6. A strain expressing any of the (S)-ω-transaminase mutants of claims 1 to 3, or containing nucleotides of the (S)-ω-transaminase mutant of claim 4, or containing the plasmid of claim 5.
7. The use of the (S)-ω-transaminase mutant of any one of claims 1 to 3, or the nucleotide of the (S)-ω-transaminase mutant of claim 4, or the plasmid of claim 5, or the strain of claim 6, in the synthesis of L-homoserine.
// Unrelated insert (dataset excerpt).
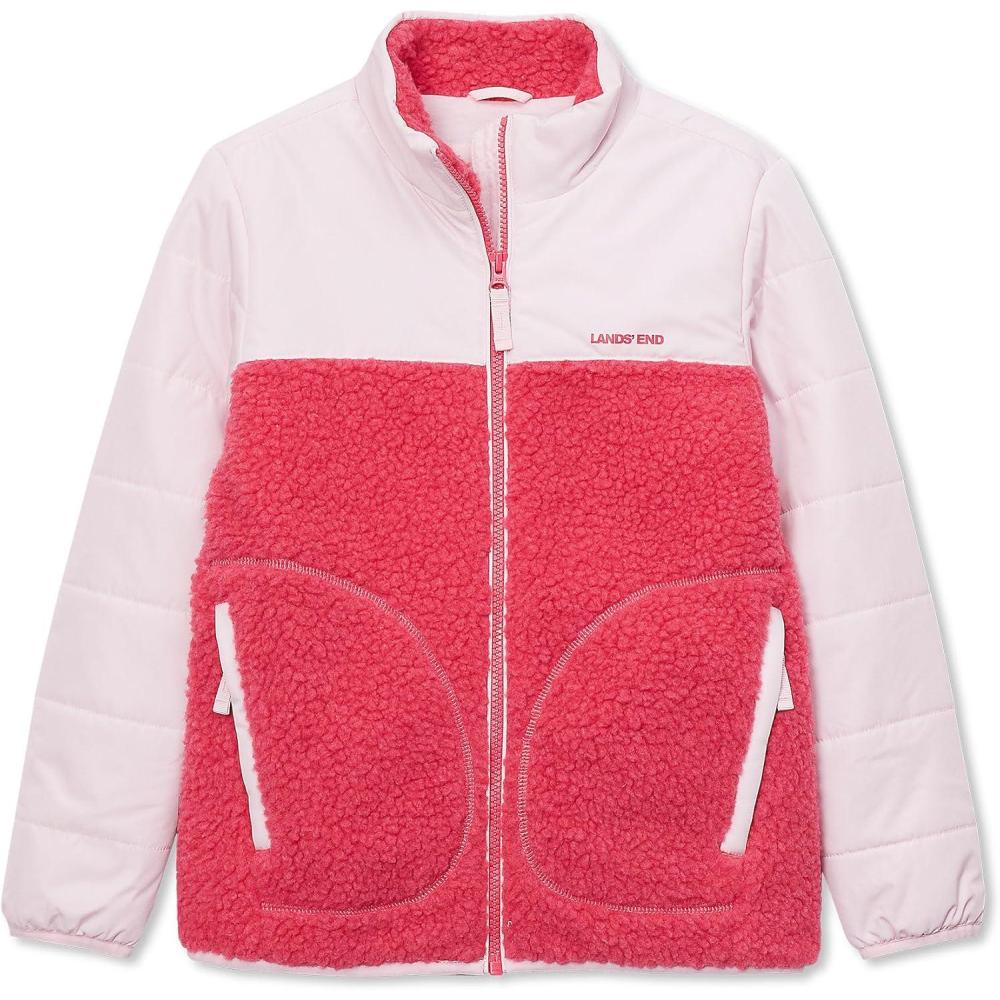 imageLands End Kids Water Resistant Mixed Media Insulated JacketRaspberry SorbetBaby Pink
8. A method for the synthesis of L-homoserine via a multi-enzyme-chain reaction catalysis, characterized in that, The synthesis of L-homoserine using aldolase and the (S)-ω-transaminase mutant of claim 1 as catalyzes the following steps: (1) Pyruvate, formaldehyde and PBS buffer are mixed, and aldolase is added to react to obtain reaction solution 1; (2) Add sodium pyrophosphate buffer, L-alanine, PLP and (S)-ω-transaminase mutant to reaction solution 1 to obtain reaction solution 2 containing L-homoserine; The amino acid sequence of the aldolase is shown in SEQ ID NO.
3.
9. The method according to claim 8, characterized in that, In step (1), the concentration of sodium pyruvate is 0.05~1 M, the concentration of formaldehyde is 0.05~1 M, the concentration of PBS buffer is 0.02~0.1 M, and the amount of aldolase added is 10~20 U; In step (2), the concentration of sodium pyrophosphate buffer is 0.05~0.1 M, the concentration of L-alanine is 0.1~2 M, the concentration of PLP is 0.5~2 mM, and the amount of (S)-ω-transaminase mutant added is 2~6 U.
10. The method according to claim 8, characterized in that, The reaction in step (1) is carried out at 25~40 ℃ for 8~12 h; the reaction in step (2) is carried out at 20~35 ℃ for 12~16 h.